Five years ago, newspapers ran front-page headlines announcing that the first seven Earth-sized planets had been discovered outside our solar system. The discovery revealed that complex life may exist elsewhere in the universe. A discovery has raised my curiosity even more. Astronomers say that a star called TRAPPIST-1 hosts a close-knit system of seven sweltering, Earth-size planets. It’s the largest planetary haul ever found beyond our sun. And this time, astronomers have made a giant leap in their understanding of these alien worlds, revealing for the first time that they all lie within what’s known as the habitable zone, where surface temperatures could permit liquid water to form.

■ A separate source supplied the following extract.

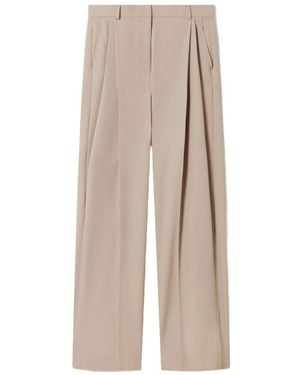 Stella McCartney Pleated Wool Trousers - Natural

This planetary menagerie circles a star that flew under the radar of exoplanet hunters, who typically look for signs of planets by watching stars wobble as the gravitational pull of giant planets tugs them. The researchers could spot the planetary menagerie by searching through Kepler’s last week of high-quality data, efficiently scouring for the few stars that showed tiny dips as planets passed before their host star and blocked a bit of its light.

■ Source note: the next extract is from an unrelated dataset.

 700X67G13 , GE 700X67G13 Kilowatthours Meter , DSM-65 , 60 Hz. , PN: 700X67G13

The astronomers also used telescopes on the ground and in space to measure the exact timing of these transits, revealing a wealth of information about the planets’ sizes, compositions, and orbits. They confirmed that the inner six planets are rocky, like Earth, and that the outermost planet, dubbed Planet H, is likely tidally locked with its star. This means that one half of the planet always faces its host star, much as our moon keeps one face toward us while the other is perpetually dark and cold.
What’s more, astronomers have confirmed that at least the three inner planets receive more radiant heat from their host star than any planet in our solar system does, suggesting they could have surface temperatures between 0 and 100 degrees Celsius (32 to 212 degrees Fahrenheit). They also say that the fourth and fifth planets orbit in the “habitable zone” of their star and, therefore, would have enough sunlight to generate abundant oxygen.
All of this adds up to a stunning planetary haul, which is not only the biggest that’s been discovered so far but also the most promising for hosting life. The fact that all the planets are rocky makes them even more intriguing, as it’s thought that only rocky worlds can sustain liquid water.
The astronomers’ next step is to use the James Webb Space Telescope, which will be launched in 2021, to start getting very detailed atmospheric properties for these worlds. They’ll be looking for “biosignatures,” such as high oxygen levels, that would indicate the presence of living organisms. They’ll also try to determine whether the planets can support photosynthesis, allowing for life production. But if no life is found, the discovery will still help to reinforce a theory that has been around for over a decade: The so-called Rare Earth hypothesis. It’s the idea that, despite billions of other stars and trillions of planets, complex life is unlikely to be widespread in the universe.